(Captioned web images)
□ □ □

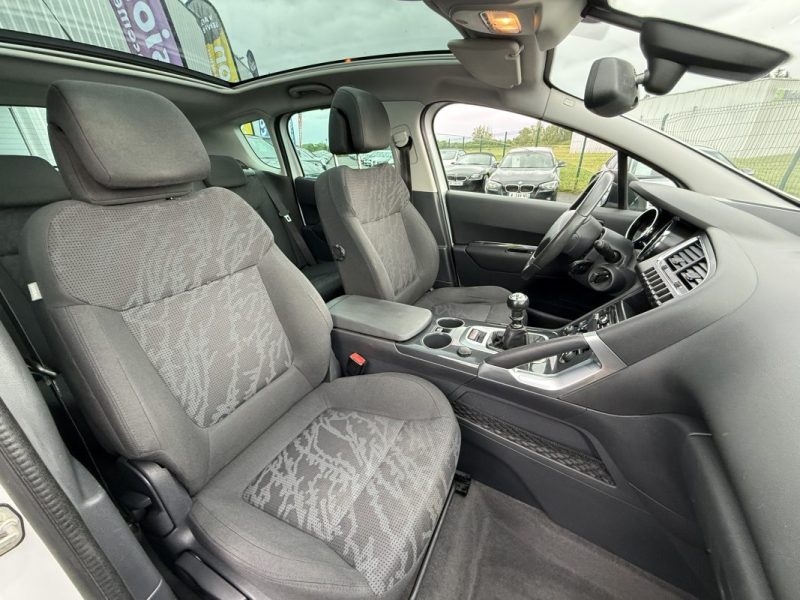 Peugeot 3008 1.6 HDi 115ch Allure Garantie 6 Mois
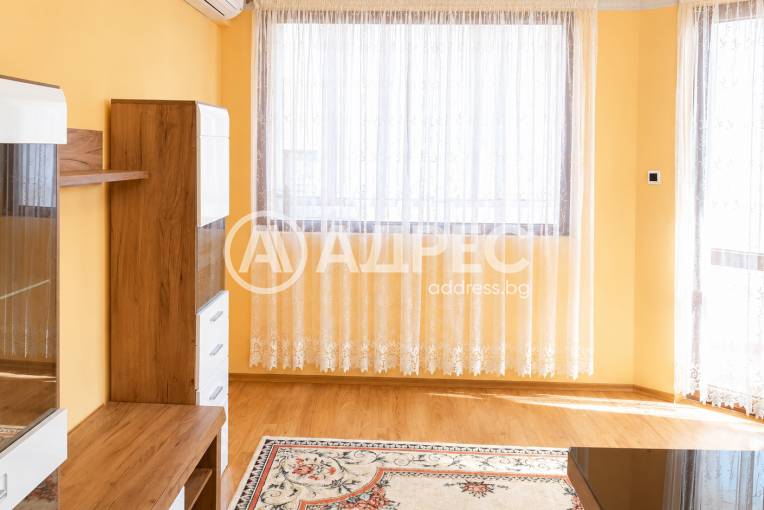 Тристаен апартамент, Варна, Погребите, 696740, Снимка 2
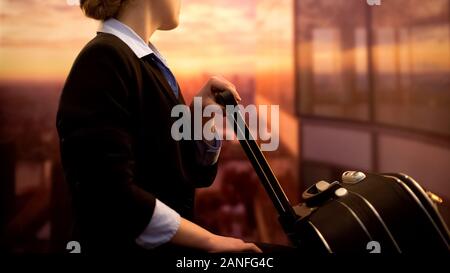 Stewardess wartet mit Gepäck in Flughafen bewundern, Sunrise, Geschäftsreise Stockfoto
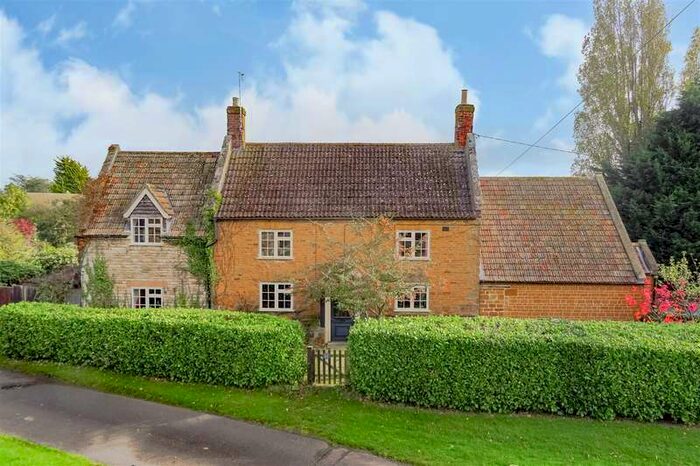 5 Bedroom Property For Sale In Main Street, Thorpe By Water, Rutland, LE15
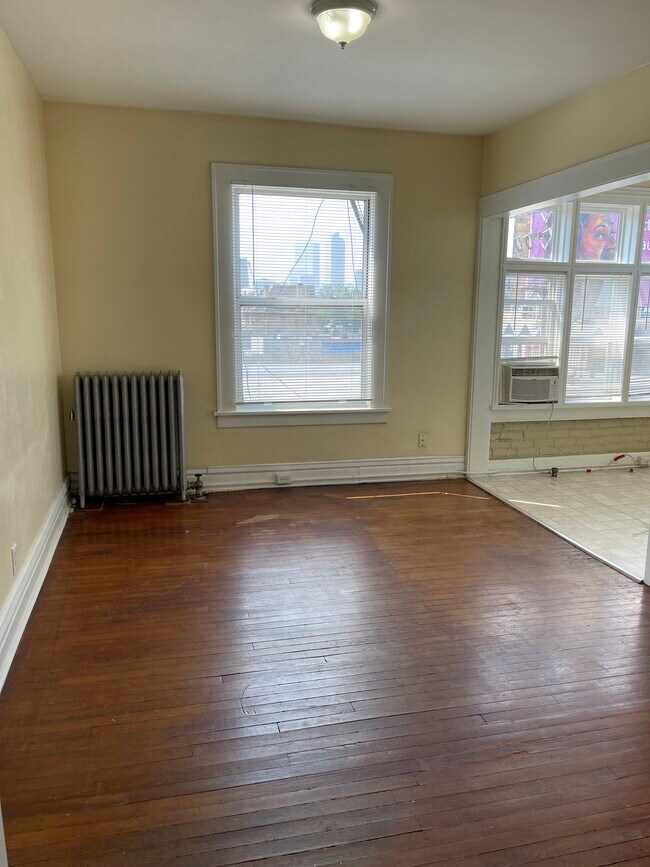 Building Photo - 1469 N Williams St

□ □ □

● **TASK**
Give the records again exactly as they stand, so that only the pictures are missing.

● **WORKED SOLUTION**
 Peugeot 3008 1.6 HDi 115ch Allure Garantie 6 Mois
 Тристаен апартамент, Варна, Погребите, 696740, Снимка 2
 Stewardess wartet mit Gepäck in Flughafen bewundern, Sunrise, Geschäftsreise Stockfoto
 5 Bedroom Property For Sale In Main Street, Thorpe By Water, Rutland, LE15
 Building Photo - 1469 N Williams St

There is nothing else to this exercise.